This notebook contains the implementations for function PageRank

Ref: https://github.com/badriadhikari/AI/blob/main/Chapter-homeworks.md

The objective in this activity is to implement a basic version of the PageRank algorithm - a core algorithm originally developed by Google for ranking pages. Here is the expression for the original version of the PageRank algorithm. Task: For the network shown below, calculate the PageRank of the pages A, B, and C, and D by writing a Python program to iteratively obtain the final page ranks. Assume that the damping parameter d is 0.7. Please follow the solution structure provided in the code block below.
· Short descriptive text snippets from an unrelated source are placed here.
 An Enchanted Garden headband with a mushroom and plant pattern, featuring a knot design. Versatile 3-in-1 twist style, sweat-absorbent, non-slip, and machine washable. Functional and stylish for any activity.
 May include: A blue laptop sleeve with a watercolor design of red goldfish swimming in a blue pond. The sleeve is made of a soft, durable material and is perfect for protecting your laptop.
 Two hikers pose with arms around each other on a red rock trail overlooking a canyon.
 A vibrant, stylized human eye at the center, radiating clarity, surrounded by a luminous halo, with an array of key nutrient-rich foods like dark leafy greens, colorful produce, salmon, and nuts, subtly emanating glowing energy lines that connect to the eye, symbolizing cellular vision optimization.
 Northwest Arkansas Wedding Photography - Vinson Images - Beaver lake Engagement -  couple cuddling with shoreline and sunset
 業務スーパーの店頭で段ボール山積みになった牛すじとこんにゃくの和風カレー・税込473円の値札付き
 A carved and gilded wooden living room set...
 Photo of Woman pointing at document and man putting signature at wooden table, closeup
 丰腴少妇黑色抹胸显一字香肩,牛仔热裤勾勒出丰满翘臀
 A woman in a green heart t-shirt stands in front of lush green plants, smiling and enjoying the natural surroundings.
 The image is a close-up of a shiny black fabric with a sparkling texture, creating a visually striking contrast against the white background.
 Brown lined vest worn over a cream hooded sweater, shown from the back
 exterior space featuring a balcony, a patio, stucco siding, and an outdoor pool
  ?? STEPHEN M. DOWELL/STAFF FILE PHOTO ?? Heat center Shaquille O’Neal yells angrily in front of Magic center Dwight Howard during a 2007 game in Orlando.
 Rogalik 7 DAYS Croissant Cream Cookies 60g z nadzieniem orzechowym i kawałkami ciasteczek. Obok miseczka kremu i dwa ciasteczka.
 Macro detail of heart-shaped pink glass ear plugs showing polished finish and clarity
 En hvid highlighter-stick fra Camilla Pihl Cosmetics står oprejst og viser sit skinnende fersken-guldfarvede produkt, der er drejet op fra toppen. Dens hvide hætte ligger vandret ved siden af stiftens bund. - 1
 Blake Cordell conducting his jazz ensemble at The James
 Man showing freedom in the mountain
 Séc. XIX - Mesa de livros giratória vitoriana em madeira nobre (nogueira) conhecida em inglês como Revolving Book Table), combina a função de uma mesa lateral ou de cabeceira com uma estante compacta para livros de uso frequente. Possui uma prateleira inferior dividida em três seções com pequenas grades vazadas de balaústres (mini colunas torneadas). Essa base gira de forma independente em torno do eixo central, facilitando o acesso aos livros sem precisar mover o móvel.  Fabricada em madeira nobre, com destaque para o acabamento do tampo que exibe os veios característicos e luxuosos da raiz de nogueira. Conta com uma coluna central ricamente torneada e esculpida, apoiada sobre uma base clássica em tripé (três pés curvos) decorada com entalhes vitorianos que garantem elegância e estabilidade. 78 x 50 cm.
Hint: The trick is to count inlinks not outlinks.

Coding Approach:
- Object oriented
- Readable
- Optimized
- Break down functions
- Application: Search Engine Optimization (SEO) like Google
- Code commented


In [39]:
class PageRank:
    def __init__(self, N=4, d=0.7):
        self.N = N
        self.d = d
        self.network = self.build_network()
        self.first_exp_val = self._compute_first_exp()
        self.page_ranks_map = self._initialize_page_ranks()
    
    def build_network(self):
        """
            Nodes, Inlinks and Outlinks
            
            Data Structure used: Dict of dicts
        """
        network = {'A': {'inlinks': ['C'], 'outlinks': ['B', 'C']},
                  'B': {'inlinks': ['A', 'C'], 'outlinks': ['D']},
                  'C': {'inlinks': ['A', 'D'], 'outlinks': ['A', 'B', 'D']},
                  'D': {'inlinks': ['B', 'C'], 'outlinks': ['C']}}
        return network
    
    def _initialize_page_ranks(self):
        """
            Set initial page rank to 1.0 for all pages
        """
        page_ranks_map = {}
        for each_node in self.network.keys():
            page_ranks_map[each_node] = 1
        return page_ranks_map
        
    
    def _compute_first_exp(self):
        """
            First expression in the page rank formula
        """
        return (1 - self.d)/self.N
    
    def _compute_pagerank_for_this_page(self, page_node):
        """
            Page rank computation for a single page
        """
        inlinks = self.network[page_node]['inlinks']
        inlink_summation = 0
        
        for inlink_node in inlinks:
            c_in = len(self.network[inlink_node]['outlinks'])
            inlink_summation += (self.page_ranks_map[inlink_node]/float(c_in))
            
        return self.first_exp_val + self.d * inlink_summation

    
    def update_page_ranks(self):
        """
            One single iteration for updating page ranks
        """
        
        for each_node in self.network.keys():
            
            pr_this_node = self._compute_pagerank_for_this_page(each_node)
            self.page_ranks_map[each_node] = pr_this_node
        
    def converge_page_ranks(self):
        """
            Function to converge until the page ranks do not change
        """
        
        for i in range(50):
            self.update_page_ranks()
        return self.page_ranks_map
    

## Results

In [41]:
page_rank_obj = PageRank()

page_ranks = page_rank_obj.converge_page_ranks()        
page_ranks

{'A': 0.15399983351370283,
 'B': 0.2078997752434988,
 'C': 0.3385707150587077,
 'D': 0.2995296761841476}